The Covid-19 factor in the retail investor boom
The rise of the retail investor has been well documented in recent times. Previously often occupying a niche slot in shareholder bases, retail investors are now well and truly out of the shadows and enjoying their own spot in the limelight.
Technology and the Covid-19 pandemic have been major influences behind this new wave of retail investors, who have opened enormous numbers of brokerage accounts since the lockdowns of 2020, attracted no doubt by commission-free trading apps like Robinhood and Etoro.
Factor in the ability to buy fractional shares, which places share trading within the scope of those without thousands to spend, and it's easy to see why a much broader proportion of the population has become interested in direct investing.
As Jeremy Salvucci, manager at technology platform The Arena Group, writes in an article for TheStreet.com: ‘Between unemployment benefits and pandemic stimulus checks, millions of Americans had both money to spend and free time to kill.
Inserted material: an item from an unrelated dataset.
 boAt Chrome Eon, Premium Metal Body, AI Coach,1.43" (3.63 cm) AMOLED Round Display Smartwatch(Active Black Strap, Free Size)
At the beginning of the pandemic, stocks plummeted in value but the crash was short-lived and the S&P 500 quickly rebounded. This bull market attracted a new wave of young and plugged-in investors with free time and unspent cash.
‘Retail investors were excited about the stock market – and the technology sector in particular – and stocks seemed to have nowhere to go but up.'
According to Charles Schwab, up to 15 percent of retail investors may have invested for the first time ever in 2020.